The goal is to convert unstructured clinical text into structured signals by extracting key clinical concepts using a pre-trained clinical transformer encoder (DistilBERT-based, i2b2-trained) for token-level named entity recognition:
- PROBLEM (conditions, symptoms)
- TEST (labs, imaging, examinations)
- TREATMENT (medications, procedures)





In [None]:
ner = pipeline(
    "token-classification",
    model="nlpie/clinical-distilbert-i2b2-2010",
    aggregation_strategy="max"
)

# Quick test
sample_text = df_peds.loc[0, "text"]
ents = ner(sample_text)

ents[:10], len(ents)


In [None]:
LABEL_MAP = {"problem":"PROBLEM", "test":"TEST", "treatment":"TREATMENT"}


## Structuring Extracted Clinical Entities

The output of the CNER model consists of entity mentions identified within free-text clinical notes. To enable downstream analysis and reuse, these outputs are converted into structured tabular formats.

Two representations are created:
- a long format table, where each row corresponds to a single extracted entity, and
- a wide format table, where entities are grouped by note and clinical category.

In [None]:
N = min(100, len(df_peds))  # start with 100 notes

rows = []
for i in range(N):
    note_id = int(df_peds.index[i])
    text = df_peds.loc[note_id, "text"]
    ents = ner(text)

    for e in ents:
        rows.append({
            "note_id": note_id,
            "sample_name": df_peds.loc[note_id, "sample_name"],
            "medical_specialty": df_peds.loc[note_id, "medical_specialty"],
            "entity_text": e["word"],
            "label": LABEL_MAP.get(e["entity_group"], e["entity_group"].upper()),
            "start": e["start"],
            "end": e["end"],
            "score": float(e["score"]),
        })

entities_long = pd.DataFrame(rows)
entities_long.to_csv("entities_long.csv", index=False)

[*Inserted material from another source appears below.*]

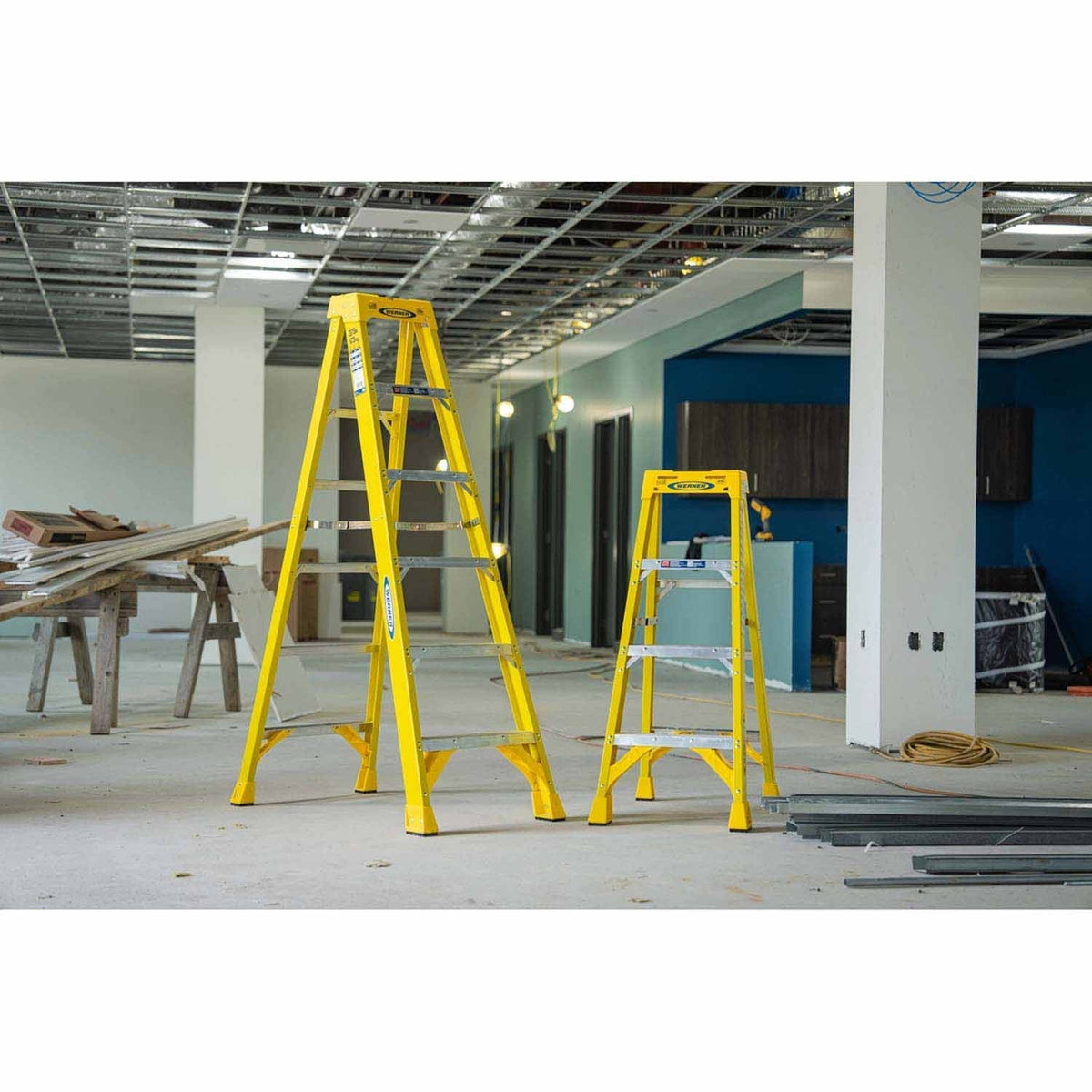 Werner 6304 4ft Type IAA Fiberglass Stepladder - 9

entities_long.head(), entities_long["label"].value_counts()


In [None]:
entities_wide = (
    entities_long.groupby(["note_id","label"])["entity_text"]
    .apply(lambda s: sorted(set(s)))
    .unstack(fill_value=[])
    .reset_index()
)

entities_wide.to_csv("entities_wide.csv", index=False)
entities_wide.head()


## Human-in-the-Loop (HITL) Review

Automated clinical NLP systems can produce errors, particularly in complex or safety-critical contexts. To illustrate how human expertise can guide and validate model outputs, a human-in-the-loop (HITL) review step is included(for just 20 samples) to manually identify incorrect or missing entities, correct misclassified labels, and document common error patterns.

In [None]:
# Sample a small number of entities for HITL review
hitl_sample = (
    entities_long
    .sample(n=20, random_state=42)
    .assign(
        corrected_label="",
        error_type="",
        review_notes=""
    )
)

# Save HITL review log as a csv file
hitl_sample.to_csv("hitl_review_log.csv", index=False)

hitl_sample


The HITL review table is exported as a template; annotation fields are intended to be completed by a clinician or qualified domain expert.


## Ethics, Limitations, and Next Steps

### Ethical Considerations
This project uses a public, de-identified clinical text dataset to avoid exposure to identifiable patient information. No attempt is made to re-identify individuals or infer sensitive attributes. In real clinical deployments, strict data governance, institutional approvals, and clinician oversight would be required.

### Limitations
The dataset used here is limited in size and not specific to a single healthcare system. The NER model is applied without fine-tuning, which can result in label ambiguity or spurious extractions. As demonstrated, automated outputs should not be treated as clinically authoritative without expert review.

### Next Steps
Future extensions could include applying the pipeline to institution-specific clinical records under appropriate governance, incorporating optical character recognition (OCR) for handwritten notes, expanding domain-specific vocabularies, and using expert feedback to iteratively improve extraction quality.